HERE IS MY suggestion to the Heritage Foundation. Scrap that complicated analysis of 50 different economic variables to rank all countries by economic freedom. You have just stumbled across the one that says it all.
It is your newly refined black-market score, and it is the only one you need. By measuring the extent to which black markets operate in any country you get an almost perfect reverse indicator of economic freedom in that country.
Think about it. Economic freedom is really a measure of how much private individuals are free from government intervention in their efforts to generate an income for themselves. The more they are restrained by government the more they resort to subverting government by generating that income on a black market.
You may say, of course, that private interests, pricing cartels for example, also can restrain economic freedom. True, but when have we thought of people who evade a private cartel as operating in a black market? Only the diamond cartel tries to make us believe this. In any case, it is a general rule that cartels only thrive where governments first create a breeding ground for them.

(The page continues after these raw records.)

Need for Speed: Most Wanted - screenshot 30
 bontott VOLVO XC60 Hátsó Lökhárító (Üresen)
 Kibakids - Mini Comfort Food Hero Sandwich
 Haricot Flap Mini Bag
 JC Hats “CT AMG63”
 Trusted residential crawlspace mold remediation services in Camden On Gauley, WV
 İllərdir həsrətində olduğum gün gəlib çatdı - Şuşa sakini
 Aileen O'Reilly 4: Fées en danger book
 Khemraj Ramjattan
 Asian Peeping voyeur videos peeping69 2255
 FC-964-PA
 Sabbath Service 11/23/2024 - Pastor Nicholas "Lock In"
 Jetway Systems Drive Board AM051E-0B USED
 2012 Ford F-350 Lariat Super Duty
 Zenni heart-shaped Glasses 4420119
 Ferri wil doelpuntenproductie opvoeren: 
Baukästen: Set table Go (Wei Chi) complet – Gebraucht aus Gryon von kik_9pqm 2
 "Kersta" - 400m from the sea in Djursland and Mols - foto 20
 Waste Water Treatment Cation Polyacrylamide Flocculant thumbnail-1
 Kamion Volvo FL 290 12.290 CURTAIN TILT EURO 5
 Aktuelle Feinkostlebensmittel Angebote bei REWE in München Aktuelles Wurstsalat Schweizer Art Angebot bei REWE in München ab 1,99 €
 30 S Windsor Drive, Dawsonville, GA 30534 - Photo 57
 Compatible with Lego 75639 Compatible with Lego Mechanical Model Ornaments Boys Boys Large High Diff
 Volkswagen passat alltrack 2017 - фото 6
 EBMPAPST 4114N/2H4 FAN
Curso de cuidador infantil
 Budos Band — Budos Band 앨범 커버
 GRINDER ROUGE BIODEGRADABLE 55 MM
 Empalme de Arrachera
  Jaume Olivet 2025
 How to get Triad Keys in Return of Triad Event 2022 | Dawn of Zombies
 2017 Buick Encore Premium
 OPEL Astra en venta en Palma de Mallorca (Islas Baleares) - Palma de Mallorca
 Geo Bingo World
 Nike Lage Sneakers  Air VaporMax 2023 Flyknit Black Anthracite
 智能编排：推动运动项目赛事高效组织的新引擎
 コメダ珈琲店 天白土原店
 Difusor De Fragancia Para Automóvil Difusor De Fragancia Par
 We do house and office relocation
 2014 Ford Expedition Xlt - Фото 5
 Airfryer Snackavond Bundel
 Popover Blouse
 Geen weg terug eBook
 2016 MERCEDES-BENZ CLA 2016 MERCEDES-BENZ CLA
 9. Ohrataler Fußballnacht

So, if you find a country with extensive black markets, both in range and depth, you are bound to have a country with a government that sticks its fingers into every economic pie. In short, a country that cannot rate high on anyone's index of economic freedom.
All you then need is a good measuring stick for how deep and wide these black markets are. Use it to take your measure, turn the stick upside down and, hey presto, you have a better economic-freedom index than the Heritage Foundation's at a fraction of the cost.